◆ Stored data entries:
== Segment start ==
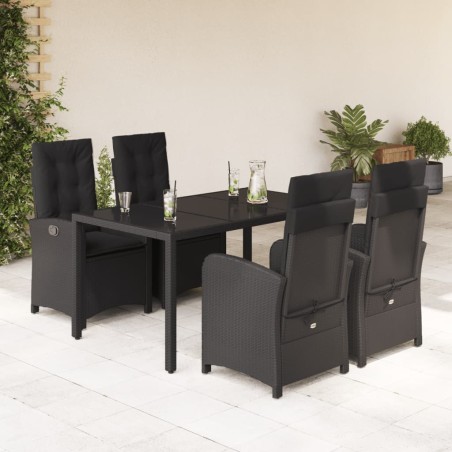 vidaXL Set de muebles jardín 5 pzas con cojines ratán sintético negro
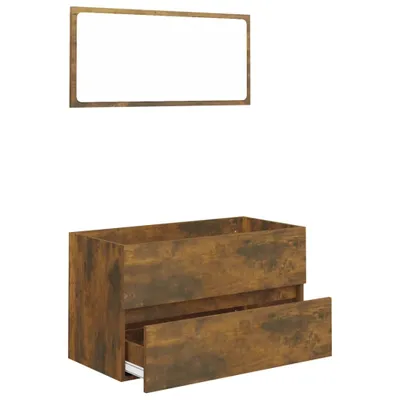 Produktbild von 2-tlg. Badmöbel-Set Räuchereiche Holzwerkstoff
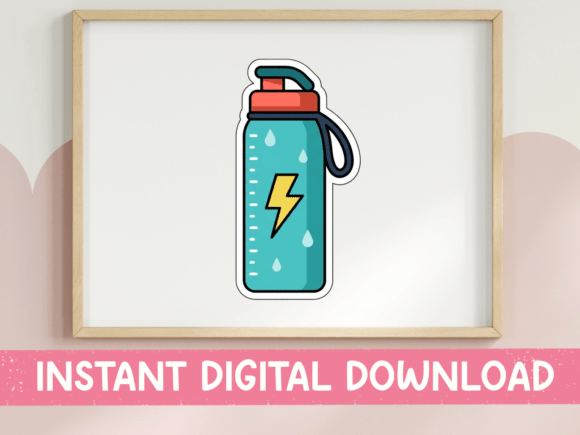 Water Bottle Fitness Sticker Design for Modern Graphics
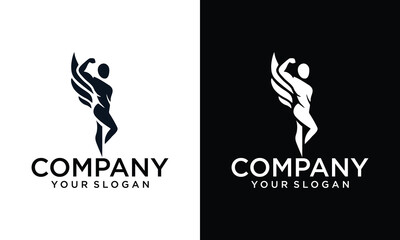 Creative silhouette body fitness sport gym logo elegant design vector icons illustration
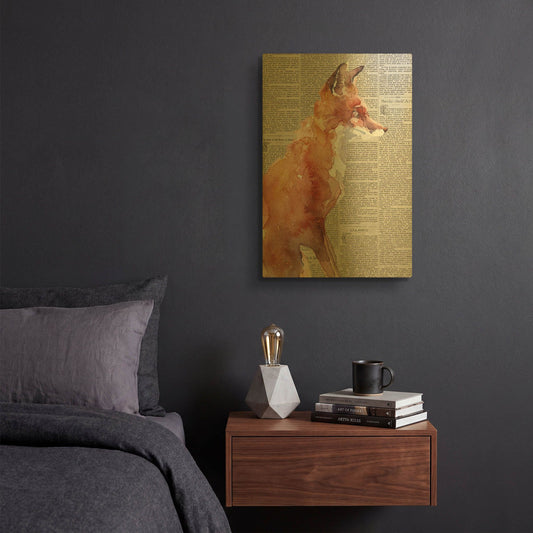 'Sly As A Fox Newsprint' By Alan Majchrowicz Gold Metal Wall Art
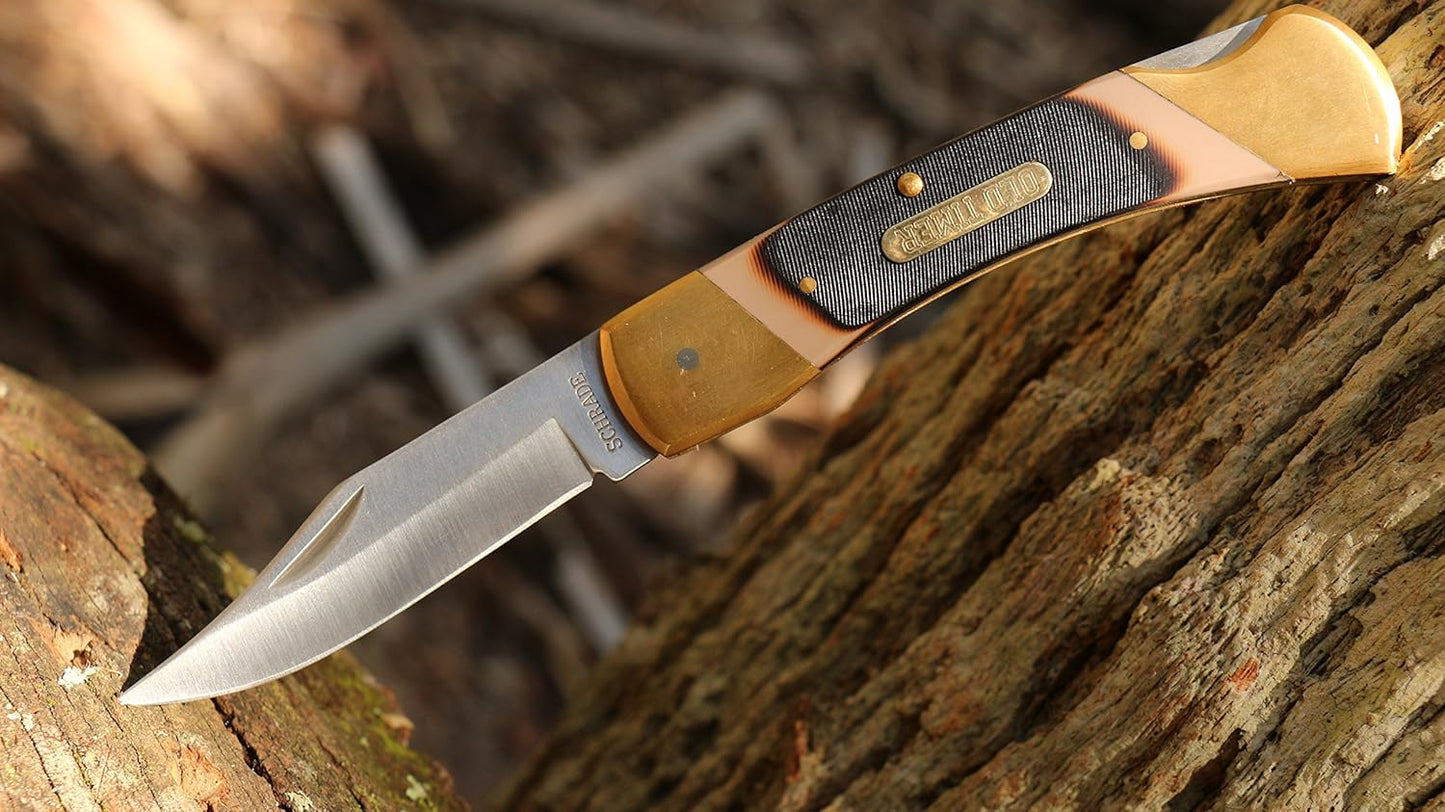 Old Timer 7OT Cave Bear Traditional Lockback Pocket Knife with 3.9in High Carbon Stainless Steel Blade, Sawcut Handles, and Leather Belt Sheath for Hunting, Camping, Whittling, EDC, and Outdoors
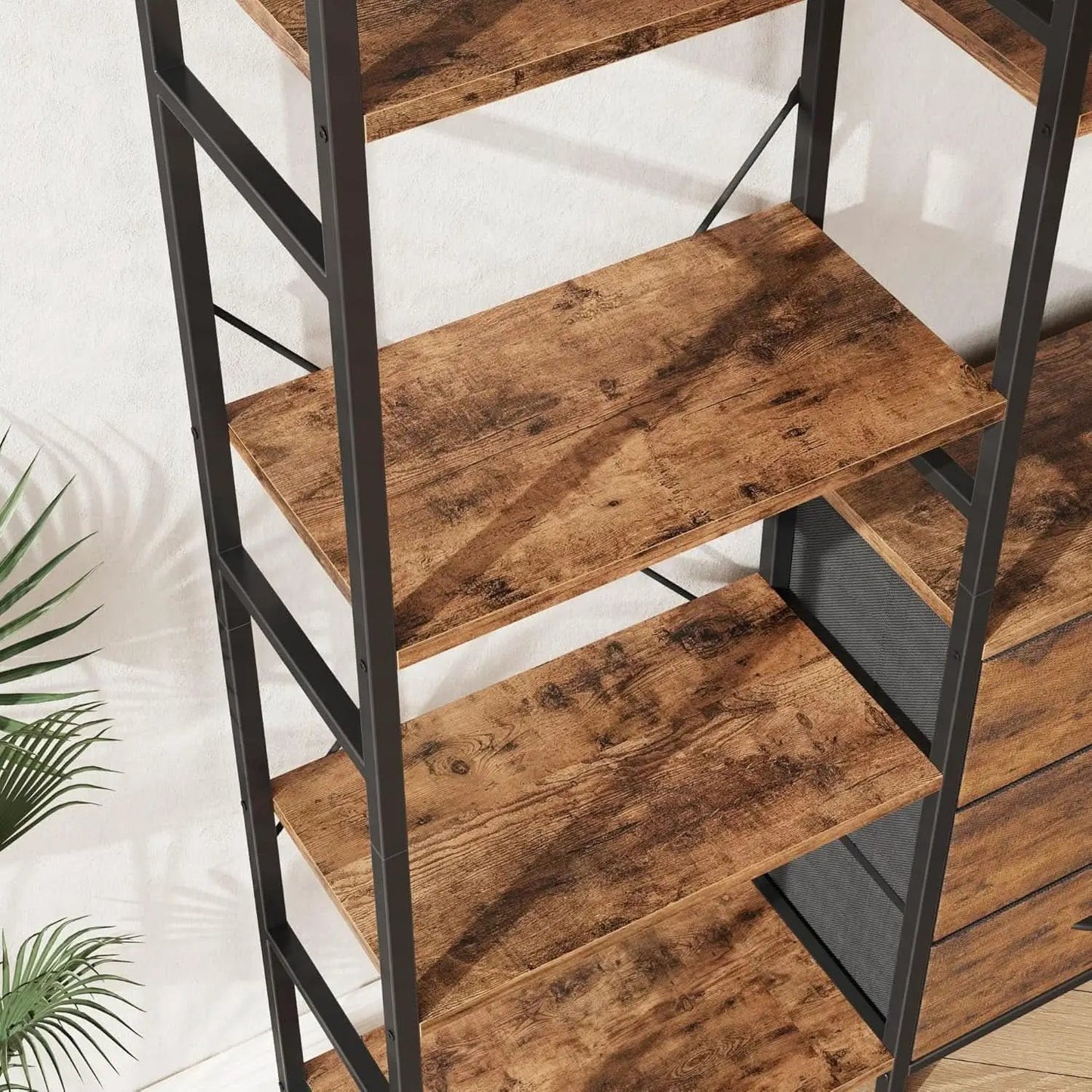 Rustic Brown Triple Bookshelf With Drawers 47 Inch Wide from PriceLows™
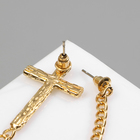 Серьги металл «Крест и цепочка» плетение, цвет золото - Фото 4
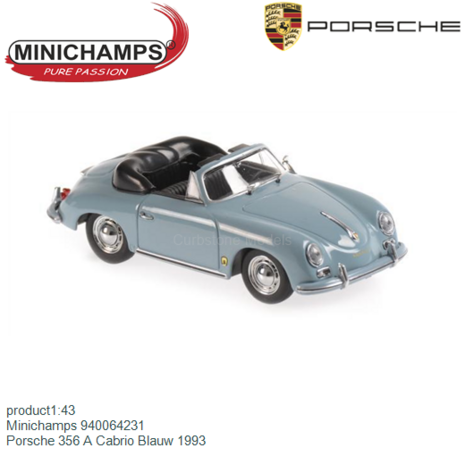 product1:43 | Minichamps 940064231 | Porsche 356 A Cabrio Blauw 1993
== Segment end ==
◆ Your goal: From the line containing "Old Timer 7OT" down to the last line of the entries above, set down every line exactly. Omit all pictures.

◆ Response to this exercise:
 Old Timer 7OT Cave Bear Traditional Lockback Pocket Knife with 3.9in High Carbon Stainless Steel Blade, Sawcut Handles, and Leather Belt Sheath for Hunting, Camping, Whittling, EDC, and Outdoors
 Rustic Brown Triple Bookshelf With Drawers 47 Inch Wide from PriceLows™
 Серьги металл «Крест и цепочка» плетение, цвет золото - Фото 4
 product1:43 | Minichamps 940064231 | Porsche 356 A Cabrio Blauw 1993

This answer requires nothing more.